• Available data
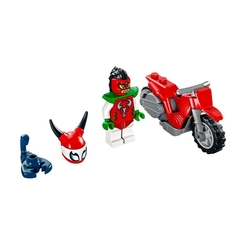 Lego City Korkusuz Akrep Gösteri Motosikleti 60332 - Thumbnail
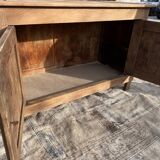 Renovated solid oak sideboard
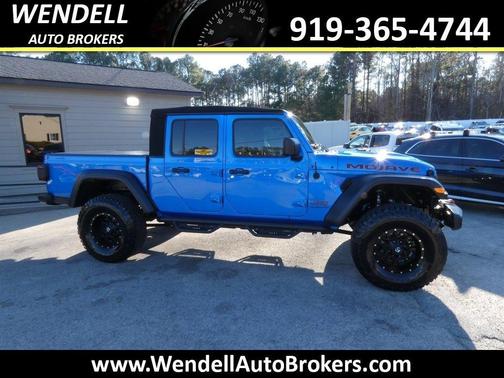 2021 Jeep Gladiator Mojave 4x4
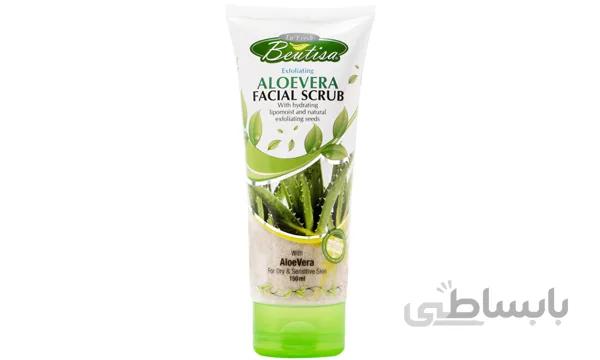 اسکراب لایه بردار حاوی عصاره آلوئه ورا بیوتیسا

• Work required
Could the lines above be copied out exactly, with no image carried over?

• Reply
 Lego City Korkusuz Akrep Gösteri Motosikleti 60332 - Thumbnail
 Renovated solid oak sideboard
 2021 Jeep Gladiator Mojave 4x4
 اسکراب لایه بردار حاوی عصاره آلوئه ورا بیوتیسا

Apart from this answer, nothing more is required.